» **Exercise prompt**: Match the string "chairs" against each line below, and copy every line that matches.

» **Stored items from a collection**:
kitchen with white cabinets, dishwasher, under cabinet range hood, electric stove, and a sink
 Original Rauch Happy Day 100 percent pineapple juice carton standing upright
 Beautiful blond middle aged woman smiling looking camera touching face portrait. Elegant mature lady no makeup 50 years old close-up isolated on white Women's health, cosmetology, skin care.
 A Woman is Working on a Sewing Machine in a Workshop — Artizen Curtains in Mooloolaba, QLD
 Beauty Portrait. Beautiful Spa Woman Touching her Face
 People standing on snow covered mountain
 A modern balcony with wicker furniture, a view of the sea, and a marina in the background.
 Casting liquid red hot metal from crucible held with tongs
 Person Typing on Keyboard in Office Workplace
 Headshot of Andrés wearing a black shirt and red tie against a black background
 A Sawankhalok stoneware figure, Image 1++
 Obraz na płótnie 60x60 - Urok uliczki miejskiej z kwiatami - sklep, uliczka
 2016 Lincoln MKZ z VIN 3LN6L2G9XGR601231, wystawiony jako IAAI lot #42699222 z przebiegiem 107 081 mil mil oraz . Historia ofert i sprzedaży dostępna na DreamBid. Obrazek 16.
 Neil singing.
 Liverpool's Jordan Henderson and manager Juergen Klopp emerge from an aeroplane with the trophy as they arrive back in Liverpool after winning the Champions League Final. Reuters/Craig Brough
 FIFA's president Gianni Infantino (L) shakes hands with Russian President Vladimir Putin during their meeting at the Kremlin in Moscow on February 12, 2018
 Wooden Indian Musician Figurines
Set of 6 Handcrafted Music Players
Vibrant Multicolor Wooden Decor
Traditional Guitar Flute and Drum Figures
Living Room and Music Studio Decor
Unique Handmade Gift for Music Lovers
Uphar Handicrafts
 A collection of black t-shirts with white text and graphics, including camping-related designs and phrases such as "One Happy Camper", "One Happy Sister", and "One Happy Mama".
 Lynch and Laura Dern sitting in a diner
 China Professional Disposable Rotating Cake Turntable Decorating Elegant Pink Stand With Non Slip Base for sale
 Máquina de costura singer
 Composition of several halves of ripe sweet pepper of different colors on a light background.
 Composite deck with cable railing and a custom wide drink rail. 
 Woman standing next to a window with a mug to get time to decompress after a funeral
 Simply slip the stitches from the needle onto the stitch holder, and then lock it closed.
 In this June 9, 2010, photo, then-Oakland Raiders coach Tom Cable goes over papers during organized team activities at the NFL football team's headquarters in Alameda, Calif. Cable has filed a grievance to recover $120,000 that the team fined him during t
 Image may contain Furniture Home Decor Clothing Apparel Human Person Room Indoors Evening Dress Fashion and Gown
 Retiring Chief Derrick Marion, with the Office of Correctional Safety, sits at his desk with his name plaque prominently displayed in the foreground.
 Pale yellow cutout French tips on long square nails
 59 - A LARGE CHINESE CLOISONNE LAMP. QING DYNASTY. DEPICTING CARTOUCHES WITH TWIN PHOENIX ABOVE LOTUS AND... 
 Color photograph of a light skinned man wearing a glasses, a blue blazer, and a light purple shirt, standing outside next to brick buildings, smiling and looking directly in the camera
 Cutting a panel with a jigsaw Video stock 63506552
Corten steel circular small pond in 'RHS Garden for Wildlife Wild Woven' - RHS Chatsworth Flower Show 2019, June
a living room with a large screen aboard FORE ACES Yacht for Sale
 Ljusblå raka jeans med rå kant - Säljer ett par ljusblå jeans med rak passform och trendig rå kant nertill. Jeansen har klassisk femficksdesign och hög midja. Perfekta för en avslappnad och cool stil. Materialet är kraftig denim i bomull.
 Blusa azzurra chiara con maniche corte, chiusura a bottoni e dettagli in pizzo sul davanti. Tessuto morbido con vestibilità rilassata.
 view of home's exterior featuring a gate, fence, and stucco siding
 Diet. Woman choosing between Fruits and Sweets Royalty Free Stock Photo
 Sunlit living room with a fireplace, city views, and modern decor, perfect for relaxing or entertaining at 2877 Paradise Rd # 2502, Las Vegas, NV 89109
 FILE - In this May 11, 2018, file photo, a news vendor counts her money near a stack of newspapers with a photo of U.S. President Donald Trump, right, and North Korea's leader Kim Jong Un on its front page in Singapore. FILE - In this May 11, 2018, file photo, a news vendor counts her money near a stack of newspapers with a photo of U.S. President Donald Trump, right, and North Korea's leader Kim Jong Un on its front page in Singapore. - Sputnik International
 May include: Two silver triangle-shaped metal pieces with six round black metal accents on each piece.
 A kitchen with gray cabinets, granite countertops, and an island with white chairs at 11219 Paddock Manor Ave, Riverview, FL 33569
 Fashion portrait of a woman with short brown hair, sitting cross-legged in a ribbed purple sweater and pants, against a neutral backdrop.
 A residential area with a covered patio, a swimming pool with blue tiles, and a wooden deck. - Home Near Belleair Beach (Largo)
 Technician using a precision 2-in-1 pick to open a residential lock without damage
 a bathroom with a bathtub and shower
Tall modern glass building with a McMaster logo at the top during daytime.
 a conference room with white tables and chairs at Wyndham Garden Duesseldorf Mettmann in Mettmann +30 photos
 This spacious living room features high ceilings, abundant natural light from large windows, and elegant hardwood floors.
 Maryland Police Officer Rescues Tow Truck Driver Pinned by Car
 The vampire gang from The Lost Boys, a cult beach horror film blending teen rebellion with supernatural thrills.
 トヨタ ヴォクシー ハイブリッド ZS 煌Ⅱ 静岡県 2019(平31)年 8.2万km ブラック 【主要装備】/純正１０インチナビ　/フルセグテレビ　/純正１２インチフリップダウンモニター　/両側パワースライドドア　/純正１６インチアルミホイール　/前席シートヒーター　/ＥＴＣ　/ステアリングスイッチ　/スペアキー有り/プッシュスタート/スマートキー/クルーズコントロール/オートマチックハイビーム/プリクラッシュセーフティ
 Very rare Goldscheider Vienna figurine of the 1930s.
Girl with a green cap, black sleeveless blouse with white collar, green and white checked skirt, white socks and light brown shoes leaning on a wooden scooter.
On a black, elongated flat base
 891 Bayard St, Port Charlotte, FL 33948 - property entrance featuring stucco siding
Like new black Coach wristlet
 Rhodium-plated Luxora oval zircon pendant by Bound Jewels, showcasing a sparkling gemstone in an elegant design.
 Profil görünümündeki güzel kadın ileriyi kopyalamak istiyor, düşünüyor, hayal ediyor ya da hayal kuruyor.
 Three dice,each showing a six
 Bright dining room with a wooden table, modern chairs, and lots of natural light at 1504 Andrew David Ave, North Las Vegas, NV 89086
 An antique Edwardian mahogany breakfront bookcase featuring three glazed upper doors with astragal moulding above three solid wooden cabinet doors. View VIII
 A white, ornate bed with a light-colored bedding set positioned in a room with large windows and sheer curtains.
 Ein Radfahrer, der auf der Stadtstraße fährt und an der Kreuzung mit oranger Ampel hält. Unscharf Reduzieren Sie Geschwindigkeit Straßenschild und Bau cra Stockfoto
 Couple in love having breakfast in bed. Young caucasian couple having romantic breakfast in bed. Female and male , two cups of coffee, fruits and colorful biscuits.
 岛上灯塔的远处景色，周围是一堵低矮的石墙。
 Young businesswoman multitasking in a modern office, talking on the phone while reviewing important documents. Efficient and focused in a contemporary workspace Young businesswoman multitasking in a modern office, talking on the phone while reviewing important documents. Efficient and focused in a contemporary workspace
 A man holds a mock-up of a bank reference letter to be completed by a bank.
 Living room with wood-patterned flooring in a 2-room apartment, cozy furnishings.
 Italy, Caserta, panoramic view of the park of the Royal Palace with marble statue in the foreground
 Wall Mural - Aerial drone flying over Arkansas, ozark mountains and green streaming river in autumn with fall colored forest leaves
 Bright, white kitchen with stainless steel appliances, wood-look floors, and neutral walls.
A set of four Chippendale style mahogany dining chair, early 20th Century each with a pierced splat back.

» **Answer for the task**:
 A kitchen with gray cabinets, granite countertops, and an island with white chairs at 11219 Paddock Manor Ave, Riverview, FL 33569
 a conference room with white tables and chairs at Wyndham Garden Duesseldorf Mettmann in Mettmann +30 photos
 Bright dining room with a wooden table, modern chairs, and lots of natural light at 1504 Andrew David Ave, North Las Vegas, NV 89086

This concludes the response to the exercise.